The first store, near the houses of the three brothers, Eugene, Victor and Martial Digout, was that of Fred Carré, brother of Henri located where later Peter McLean had his and was for a time the home of D.D. Boyd, lawyer and eventually, the home of Georges Boudreau.
The second (store) at the same location was that of John Fortune. This one manufactured and sold a liniment, Fortune’s Ojibway Liniment.
The third (store) was still there in 1920 and was the property of Peter McLean.
Boyd’s Store was one of the most important in River Bourgeois. It was about halfway between Haut-du-Bras and Fond-du-Bras. It continued after all the others closed their doors for good. It was owned, from father to son, for four generations of Boyds: Donald (1825-1875), Angus (1855-1938), Willie, and Blaise.

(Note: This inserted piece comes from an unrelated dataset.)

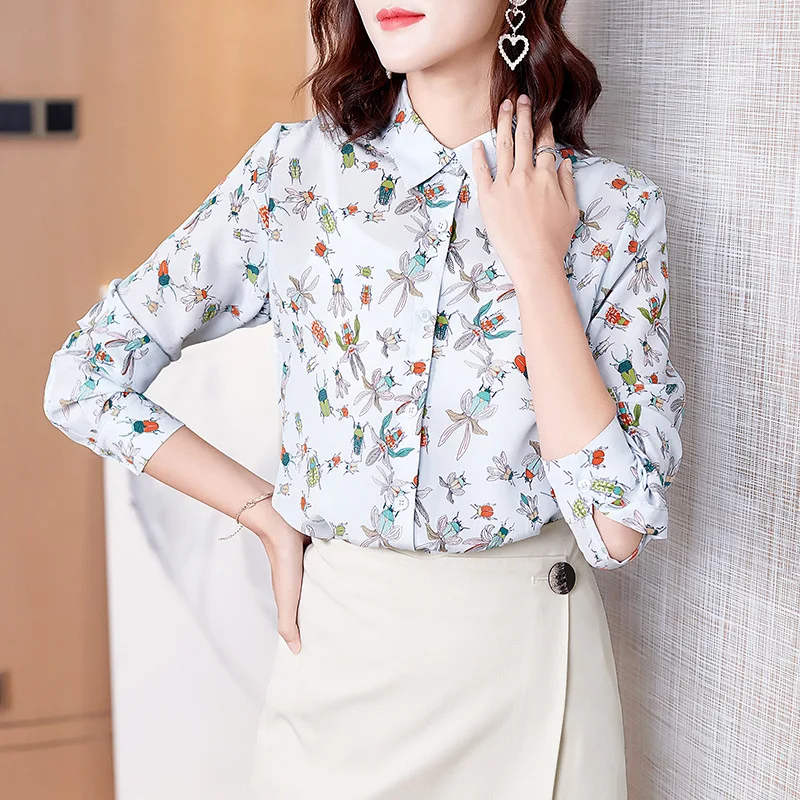 

2020 Spring Women's High Quality Real Silk 100% Shirts and Blouses Long Sleeved Printing Clothes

This store had its turn to close permanently in 1975.
The Urquahart (Ouaqueur for Acadians) Store. This store, long since closed, was located some distance east of Boyd’s Store on the north shore opposite Ben LeBlanc’s house. It was moved in winter to the Briquerie to Archie Morrison’s and transformed into a barn.
Later on, there were a number of small stores: Aleck à Charles Samson, longtime post master at La Pointe next to the church; Damien Béranger at Fond-du Bras; Abram à Damien Béranger succeeded his father; Lawrence Bourque (son of “John à Haïgne”) at P’tit Yurbain; Charlie Boudreau (son of Charlie) at Haut-du-Bras; Delore Bourque (son of Amable à Felix and Tillie) at Church Point); and Victor à Dominique Bourque, Bord-du-Sud.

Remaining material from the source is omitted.